Congressional campaigns
In 2010, Pyle challenged incumbent Representative Lynn Jenkins in the Republican primary for . He received 43% of the vote. He ran again for the seat in a crowded field in 2018, as Jenkins was retiring, but the race was won by self-financed, one-term Republican Steve Watkins.

Ethics complaint
On June 5, 2010, it was made public that a formal ethics complaint had been filed against Pyle, "alleging improper expenditures from his Senate campaign account on a trip to Washington, D.C., to evaluate support for his challenge of U.S. Rep. Lynn Jenkins." The complaint specifically alleged "Pyle violated state campaign finance laws by using money raised for a state campaign for activities related to possible federal campaign." On June 28, 2010, Pyle was cleared of any wrongdoing.

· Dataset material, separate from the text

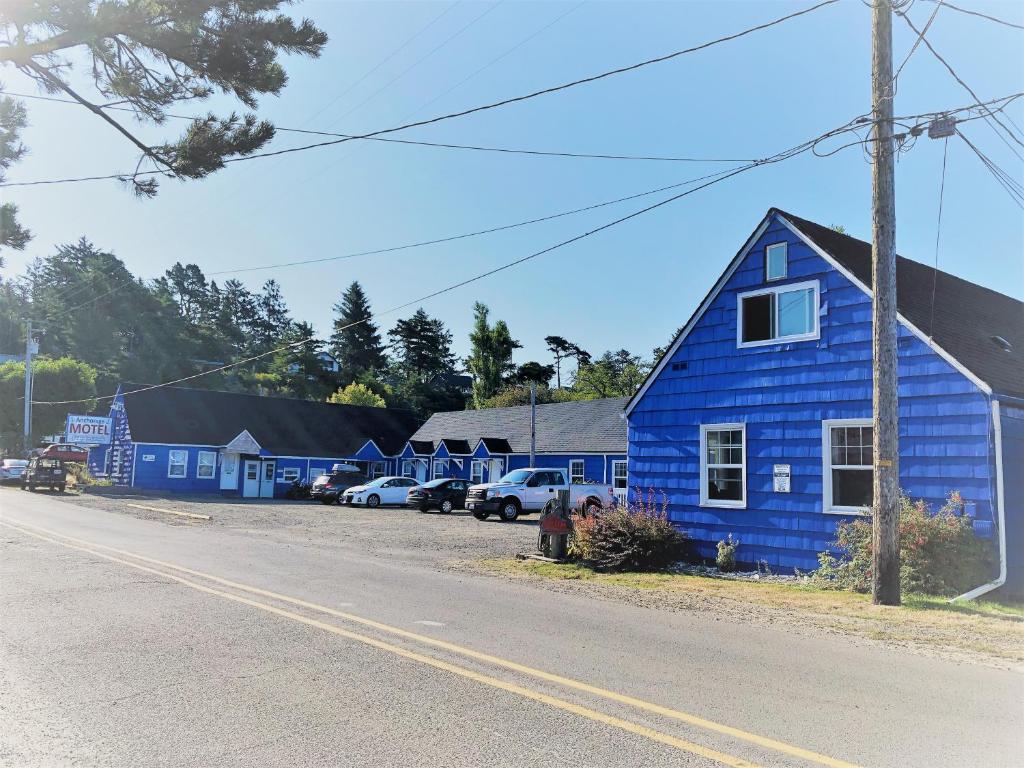 een blauw huis aan de kant van een straat bij The Anchorage Motel in Pacific City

2022 gubernatorial campaign

On June 7, 2022, Pyle announced his plan to pursue a campaign for the office of Governor of Kansas because he said, "I am a God-loving American, devoted to the Constitution and protecting our children, and I am entering this race to give Kansans a choice". To reach the ballot requires 5,000 signatures as verified by the three-member Kansas Objections Board. The Board includes the Kansas Secretary of State, Republican Scott Schwab and Attorney General and Republican gubernatorial candidate Derek Schmidt, along with the governor's General Counsel. The situation with Board's potential conflicts has been scrutinized for some time, in particular by former State Senator Anthony Hensley. In August, Pyle turned in almost 9,000 signatures for review. 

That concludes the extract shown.